This morning, Occupy Oakland was peacefully evicted after "hundreds of police officers
raided the Occupy Oakland tent city." As of this writing "there were no
reports of injuries or skirmishes and 32 were arrested for failing to
disperse."
No doubt the protesters will return. What is unfortunate, as David Atkins writes is "the
storyline of peaceful persistence at Occupy Oakland" has been
somewhat overshadowed by a small group of "black bloc anarchists," whose "tactics threaten to discredit the movement in Oakland, hand easy
fodder to the right-wing media machine, and who have been disrupting the General Assemblies as well."
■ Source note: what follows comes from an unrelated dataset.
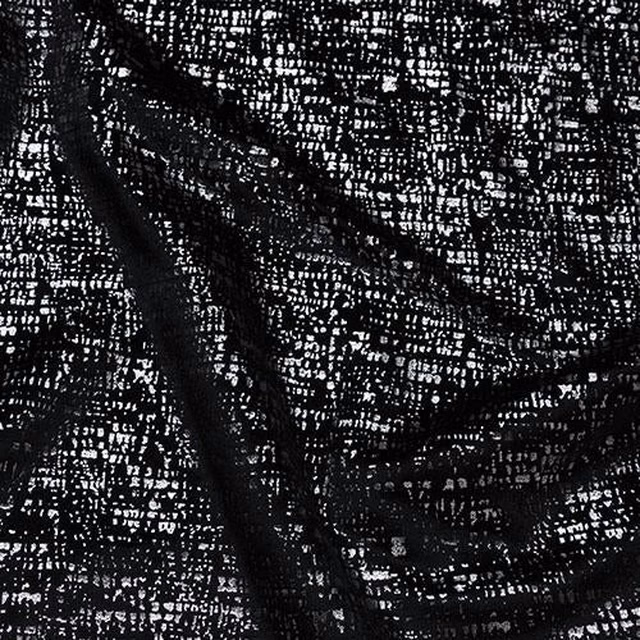 Black speckled woven fabric with white flecks and a textured finish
Most Occupiers reject the anarchists and their destructive methods. But given the movement's openness -- in many ways a great strength -- this is a tricky problem to solve. Indeed, as Sara Robinson has noted, popular movements have long had to cope with what she refers to as the "asshole problem."
Atkins concludes: "If one of the movement's goals is to not only advocate for different
public policy but a rethinking of the way society itself is organized,
it will have to find an effective way of dealing with people whose only
interest is in derailing the movement for their own whims."
Occupy Oakland will reconverge at the Oakland Public Library this afternoon a 4 PM. Hopefully the Occupiers will regain the momentum they had before the disruption of vandalism and violence, and as Joan Walsh writes, "find a new way to channel the transformative energy the movement generated."